Nothing but the exact lines from the one containing "ND license plate IOP225" through the last line of the records below belongs in your answer.
━━━━━ Source material
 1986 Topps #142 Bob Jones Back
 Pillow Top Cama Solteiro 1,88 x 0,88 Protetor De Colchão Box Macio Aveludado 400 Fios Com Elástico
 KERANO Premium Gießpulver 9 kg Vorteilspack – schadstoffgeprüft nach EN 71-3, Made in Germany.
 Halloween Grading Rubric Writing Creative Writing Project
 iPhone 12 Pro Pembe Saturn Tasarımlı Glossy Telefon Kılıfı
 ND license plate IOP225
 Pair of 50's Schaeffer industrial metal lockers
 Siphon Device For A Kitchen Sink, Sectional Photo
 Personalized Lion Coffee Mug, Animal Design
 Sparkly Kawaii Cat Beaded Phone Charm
━━━━━━━━━━
▶ _Result_
 ND license plate IOP225
 Pair of 50's Schaeffer industrial metal lockers
 Siphon Device For A Kitchen Sink, Sectional Photo
 Personalized Lion Coffee Mug, Animal Design
 Sparkly Kawaii Cat Beaded Phone Charm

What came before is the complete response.